On 09/18/2015 09:56 AM, Maciej W. Rozycki wrote:
> Hi Luis,
>
>> I tracked this down to the lack of a proper definition of what MIPS' kernel
>> returns in the si_code for a software breakpoint trap.
>>
>> Though i did not find documentation about this, tests showed that we should
>> check for SI_KERNEL, just like i386. I've cc-ed Maciej, just to be sure this
>> is indeed correct.
>
>   Hmm, the MIPS/Linux port does not set any particular code for SIGTRAP,
> all such signals will have the SI_KERNEL default, so you may well return
> TRUE unconditionally.
>
>   I'm not convinced however that it is safe to assume all SIGTRAPs come
> from breakpoints -- this signal is sent by the kernel for both BREAK and
> trap (multiple mnemonics, e.g. TEQ, TGEI, etc.) instructions which may
> have been placed throughout code for some reason, for example to serve as
> cheap assertion checks.
>
>   Is there a separate check made afterwards like `bpstat_explains_signal'
> to validate the source of the signal here?
>
>   Perhaps we should make it a part of the ABI and teach MIPS/Linux about
> the breakpoint encoding used by GDB, which is `BREAK 5' (aka BRK_SSTEPBP
> in kernel-speak, a misnomer I'm afraid), and make it set `si_code' to
> TRAP_BRKPT, as expected.  This won't fix history of course, but at least
> it will make debugging a little bit easier to handle in the future.
> Cc-ing `linux-mips' for further input.
>
>   I was wondering where these SIGTRAPs come from too BTW, thanks for
> investigating it.  And thanks for the heads-up!
>
>    Maciej
>
>
  
Maciej W. Rozycki Sept. 18, 2015, 6:36 p.m. UTC | #3
On Fri, 18 Sep 2015, David Daney wrote:

> We have to be very careful changing the ABI here.
> 
> This is used by almost all userspace code to detect integer division by zero.
> Many things like the libgcj runtime use this to generate runtime exceptions,
> we don't want to break them.

 No worries here, integer division by 0 and overflow use `BREAK 7' and 
`BREAK 6' respectively (or corresponding trap instructions) and these 
cases are already handled correctly, as I implemented many years ago for 
regular MIPS user code and recently fixed for MIPS16 code (and less 
recently for microMIPS code as well).  Have a look at `do_trap_or_bp' in 
arch/mips/kernel/traps.c for details.

 There's no collision with `BREAK 5'; Linux code would of course have to 
treat 5 as an unrecognised for traps and would therefore handle the case 
right in `do_bp' like with kprobe breakpoints.

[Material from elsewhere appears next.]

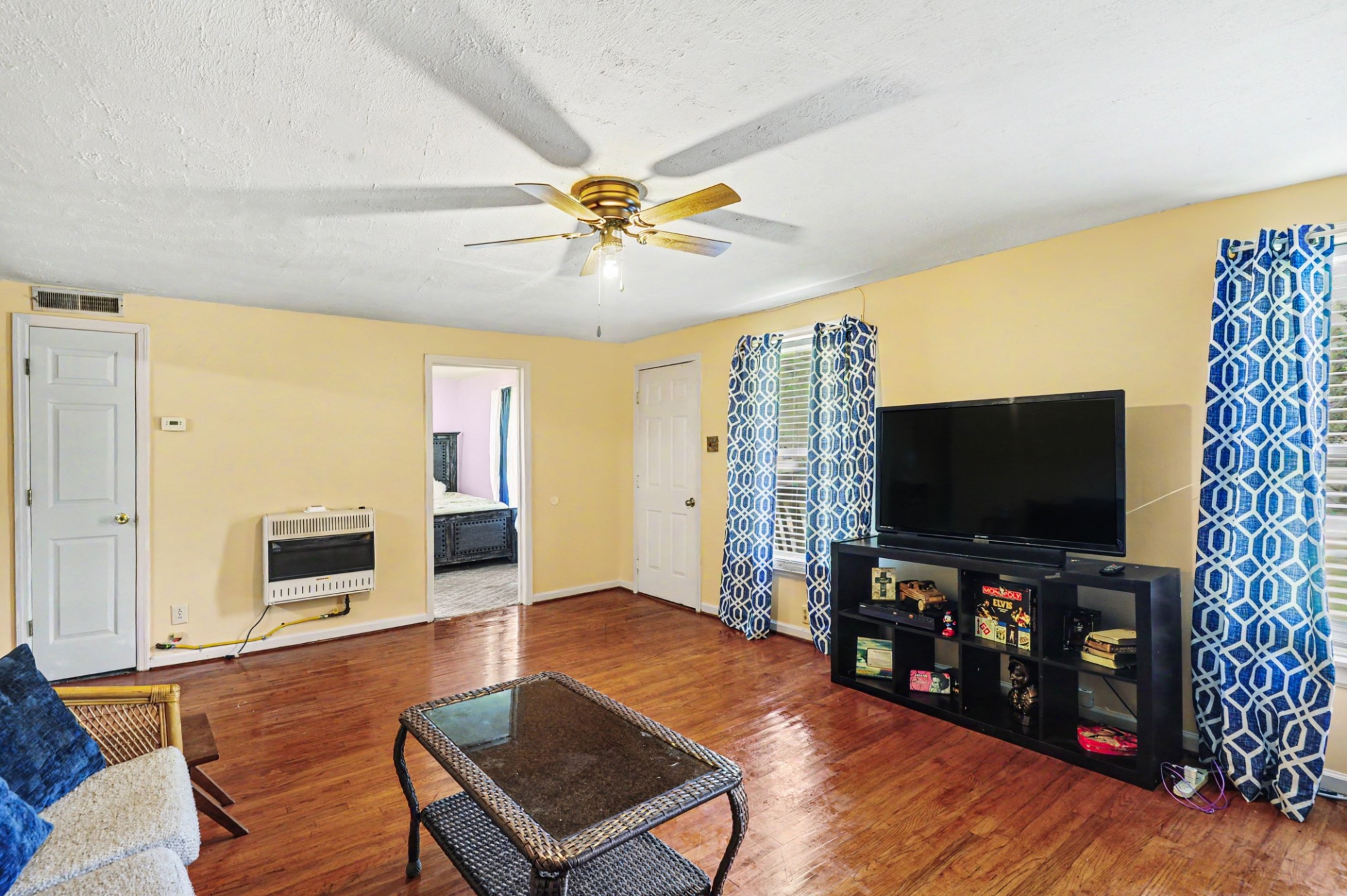 1241 Butler Bridge Road Portland, TN 37148 - Photo 5 of 15 a living room with furniture and a flat screen tv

 I hope this clears your concerns.

  Maciej
  
Luis Machado Feb. 9, 2016, 2:29 p.m. UTC | #4
Hi Maciej,

I'm finally getting back to this. Sorry for the delay.

On 09/18/2015 01:56 PM, Maciej W. Rozycki wrote:
> Hi Luis,
>
>> I tracked this down to the lack of a proper definition of what MIPS' kernel
>> returns in the si_code for a software breakpoint trap.
>>
>> Though i did not find documentation about this, tests showed that we should
>> check for SI_KERNEL, just like i386. I've cc-ed Maciej, just to be sure this
>> is indeed correct.
>
>   Hmm, the MIPS/Linux port does not set any particular code for SIGTRAP,
> all such signals will have the SI_KERNEL default, so you may well return
> TRUE unconditionally.
>

That is unfortunate. It would be nice to have a well defined standard of 
communicating these events from kernels to debuggers. All is not lost 
though, since that can be improved.

>   I'm not convinced however that it is safe to assume all SIGTRAPs come
> from breakpoints -- this signal is sent by the kernel for both BREAK and
> trap (multiple mnemonics, e.g. TEQ, TGEI, etc.) instructions which may
> have been placed throughout code for some reason, for example to serve as
> cheap assertion checks.
>
>   Is there a separate check made afterwards like `bpstat_explains_signal'
> to validate the source of the signal here?
>

In my specific example we are dealing with two breakpoint hits by 
different threads. The first one is reported just fine and the one we 
have problems with is the queued one that is reported afterwards when we 
attempt to move the other thread.

We do rely on bpstat_explains_signal when gdbserver/the remote target 
notifies gdb about a stop. In the case of a queued breakpoint hit, it 
doesn't even get reported back to gdb and is just ignored by gdbserver 
if it is recognized as a breakpoint hit.

With the proposed change, even the hardcoded traps will initially be 
recognized as breakpoints, albeit maybe recognized as permanent 
breakpoints for some opcodes. It may cause gdbserver to ignore a second 
hardcoded trap hit, which is not desirable.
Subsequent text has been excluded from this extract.